Long Island must develop its future
As state and local officials take steps to reopen the economy and push it toward recovery, they must keep the focus on new opportunities for economic investment.
Long Island needs to accelerate its transformation into a modern suburb, one that builds housing, retail and more around its train stations, that rethinks possibilities for some of its dreary strip malls and empty shopping centers and is more willing and able to innovate.
That's why the state's most recent attempts to find ways to make it easier to redevelop the land around train stations — and to remake underutilized commercial properties into housing — are critical. Gov. Andrew M. Cuomo proposed two such measures in his executive budget this year. While neither likely will make a massive difference in Long Island economic development efforts, together they create a good foundation on which local and state officials, developers and advocates can build.
One provision would ease zoning restrictions so underutilized commercial properties in New York City — particularly hotels and office buildings — could be converted into housing. The measure is in direct response to the COVID-19 pandemic, state officials said. The state should consider expanding the policy's reach to include Long Island, and a wider array of properties. There are ample opportunities for the region to remake its underutilized commercial stretches, particularly retail centers with long-standing vacancies. Nassau and Suffolk need a boost from the state to help jump-start that effort.

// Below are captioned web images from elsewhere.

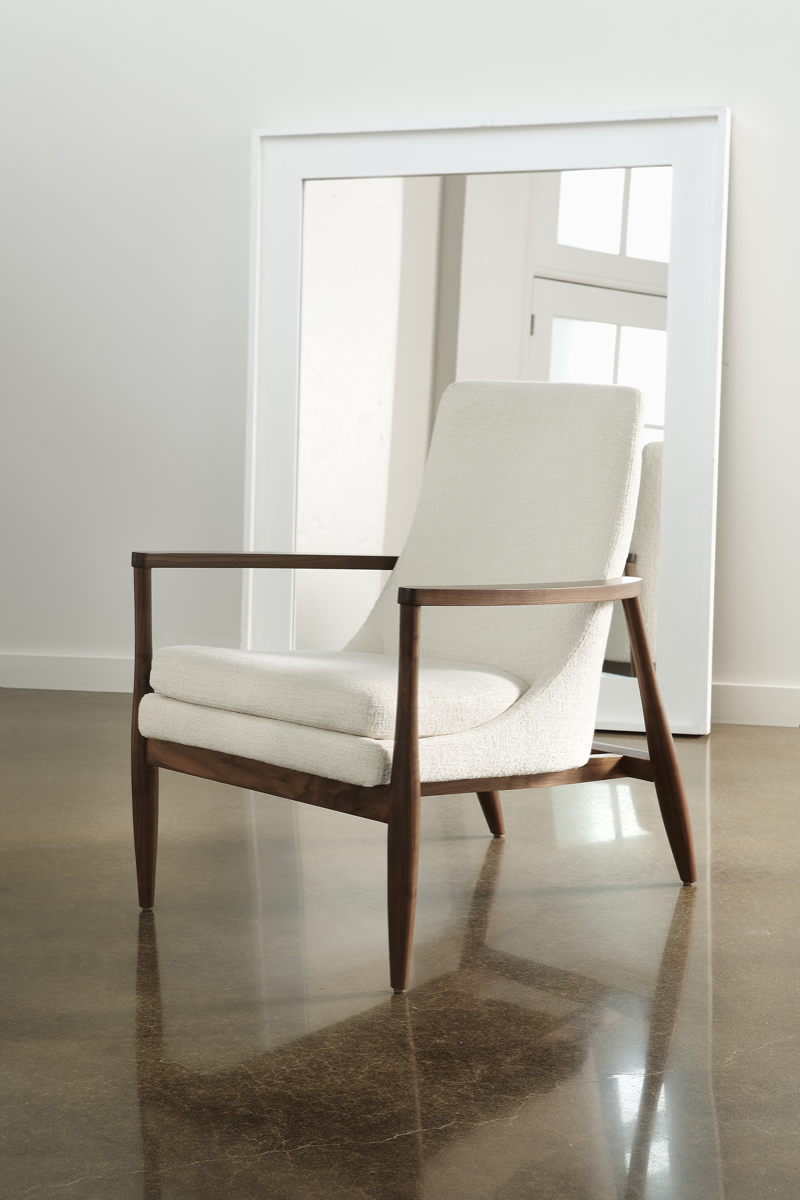 Modern Chair in beige leather and walnut wood arms and legs on tile floor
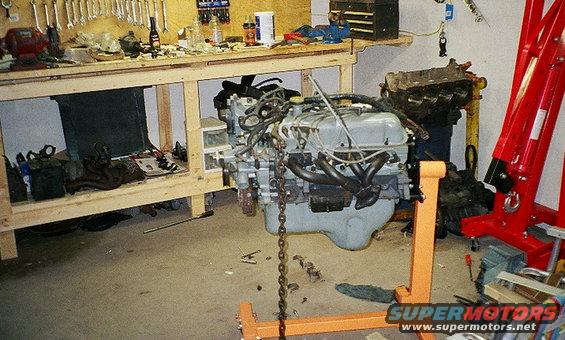 Engine on an orange engine stand in a workshop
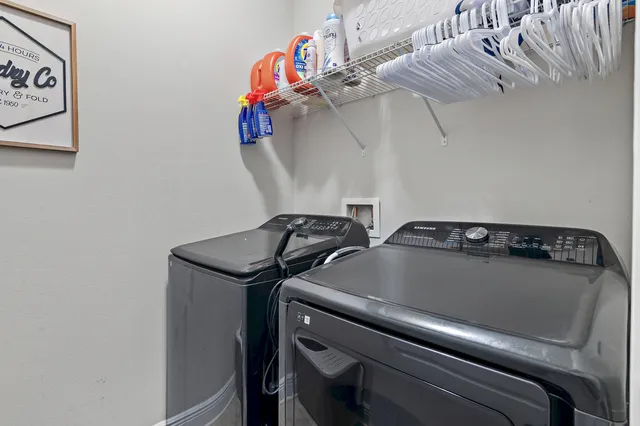a view of a swimming pool with a table and chairs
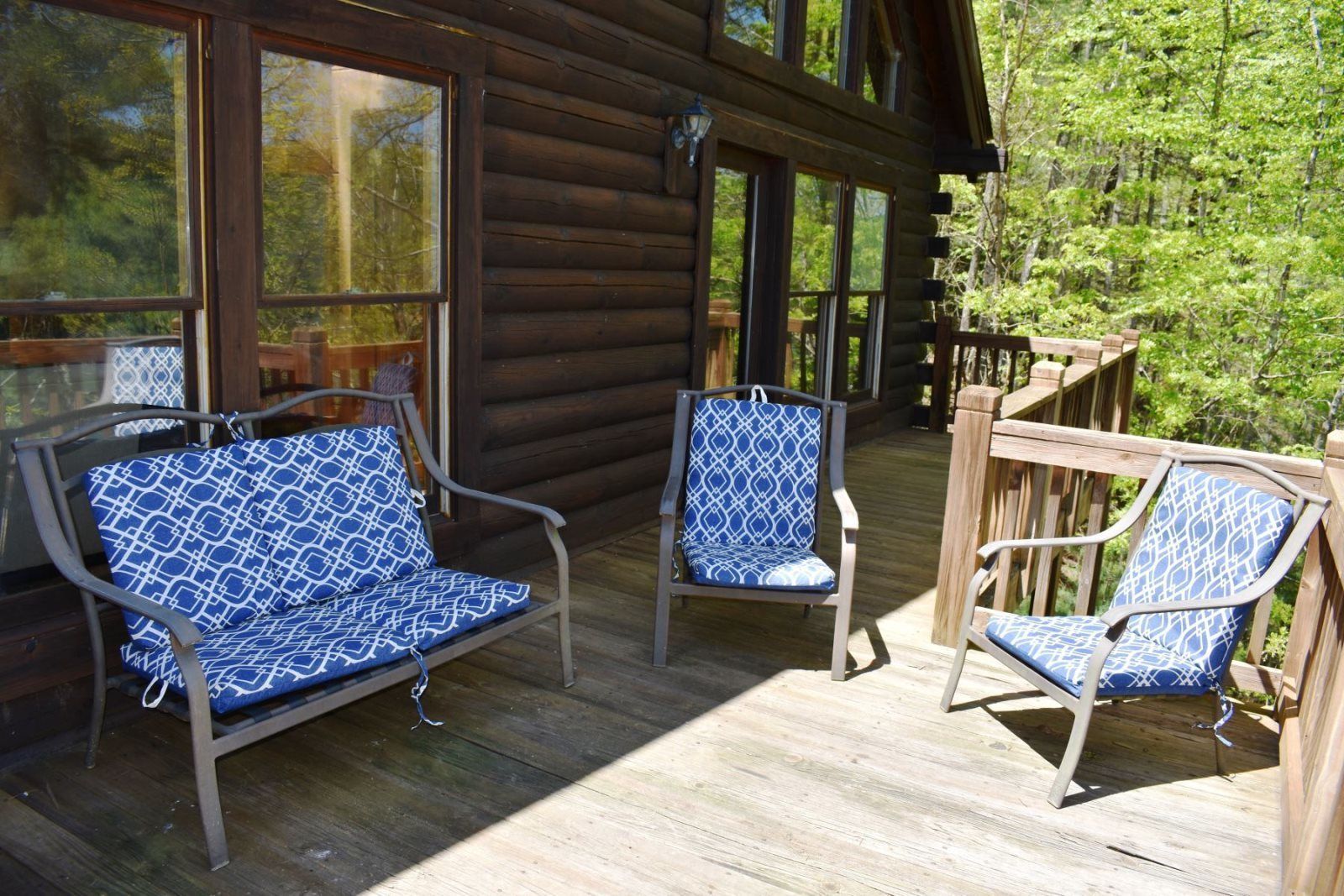 A wooden deck with three chairs and a sofa, all with blue patterned cushions.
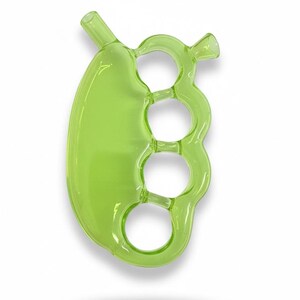 May include: A transparent, lime green glass pipe with a unique design. The pipe features a rounded, oblong bowl connected to a series of three finger-sized rings, and a mouthpiece. The overall shape resembles a set of brass knuckles.
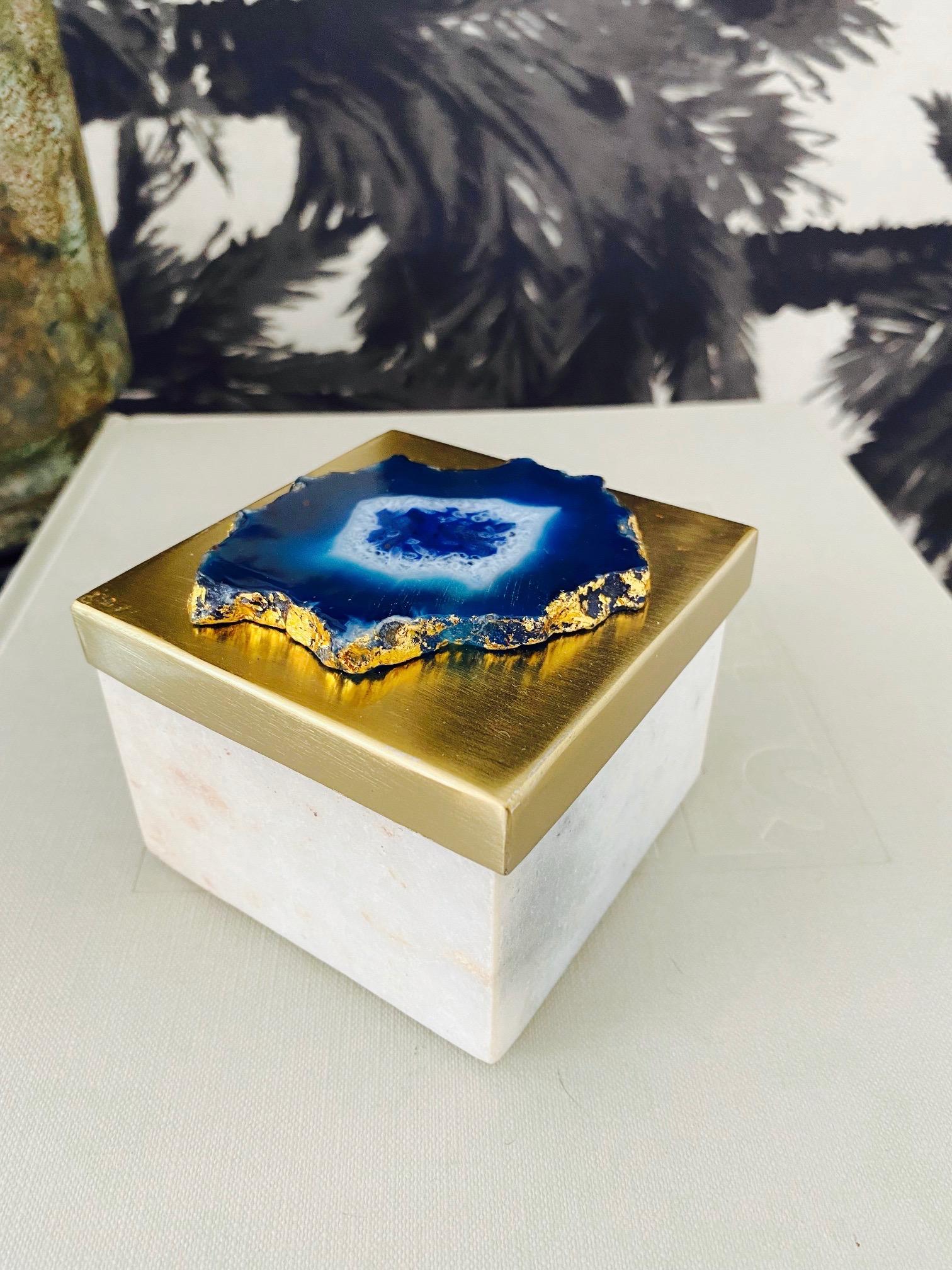 Handcrafted trinket box in white polished marble. The box has a brass lid with a brushed satin finish and is fitted with an agate stone inset. The stone has hues of lapis blue, turquoise, and white with gold plated edges. Makes a chic accent to any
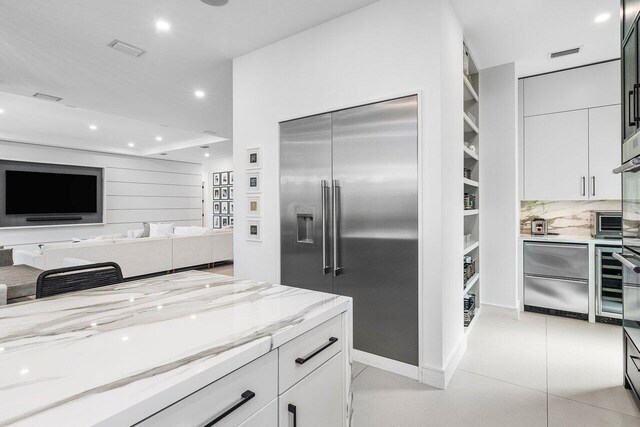 kitchen featuring appliances with stainless steel finishes, light stone counters, recessed lighting, light tile patterned floors, and white cabinets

Cuomo also introduced a concept known as "rail advantaged housing" — a new moniker, it seems, for the efforts more often described as transit-oriented development. Cuomo's budget — and the State Senate's one-house budget — include the idea that the state could allow certain projects in transit hubs that meet certain standards to bypass some of the state's environmental review process. The Department of State would establish those regulations, and the details will matter. The provision only applies in cases when village, town or county officials already support the project, so its reach on Long Island may be limited since, too often, the "no" on the Island comes quickly. But in villages like Patchogue and Westbury, where mayors have been supportive of new development, the act could help.
And, as local advocates have noted, even the perception that the state is paying attention makes a difference in promoting new development near train stations. That alone could make a difference in pushing along existing revitalization efforts in communities like Hicksville and Baldwin.
State lawmakers and Cuomo should work together to include both provisions in the final budget and to make them as meaningful as possible for areas like Long Island. High housing prices reflect the critical need for more housing, and pandemic job losses close to 100,000 reflect how desperate the region is for a different approach. Long Island needs every economic boost it can get.